Task prompt: For this exercise, return exactly the lines of the material below that begin at the one with "Family House with" and stop after the one with "Mario Kart Wii".
§ §
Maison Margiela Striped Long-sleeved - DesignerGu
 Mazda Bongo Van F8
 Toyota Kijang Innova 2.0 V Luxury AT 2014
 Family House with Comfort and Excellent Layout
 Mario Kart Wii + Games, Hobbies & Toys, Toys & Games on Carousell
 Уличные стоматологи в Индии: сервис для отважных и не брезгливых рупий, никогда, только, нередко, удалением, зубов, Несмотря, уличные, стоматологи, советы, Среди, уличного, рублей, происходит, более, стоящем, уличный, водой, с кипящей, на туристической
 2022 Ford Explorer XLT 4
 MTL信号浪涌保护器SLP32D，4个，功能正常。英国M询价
§ §
Response:
 Family House with Comfort and Excellent Layout
 Mario Kart Wii + Games, Hobbies & Toys, Toys & Games on Carousell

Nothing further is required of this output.